*** Opening SUPPLIED INFORMATION ***

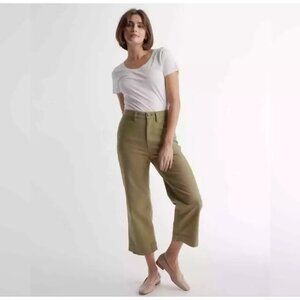 QUINCE OLIVE Organic Stretch Cotton Twill Wide Leg Cropped Pants size 29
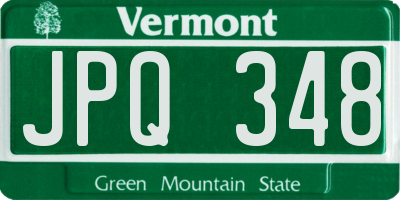 VT license plate JPQ348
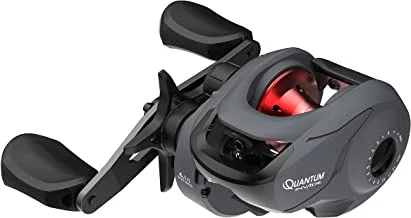 Quantum Invade Baitcast Fishing Reel, DynaMag Cast Control, 5 Bearings (4 + Continuous Anti-Reverse Clutch), and Zero Friction Pinion Design, Gray/Red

*** Closing SUPPLIED INFORMATION ***

• EXERCISE BRIEF:
Write out verbatim the lines from the one containing "VT license plate JPQ348" through the last line of the listing above, and no other lines; omit pictures.

• TASK ANSWER:
 VT license plate JPQ348
 Quantum Invade Baitcast Fishing Reel, DynaMag Cast Control, 5 Bearings (4 + Continuous Anti-Reverse Clutch), and Zero Friction Pinion Design, Gray/Red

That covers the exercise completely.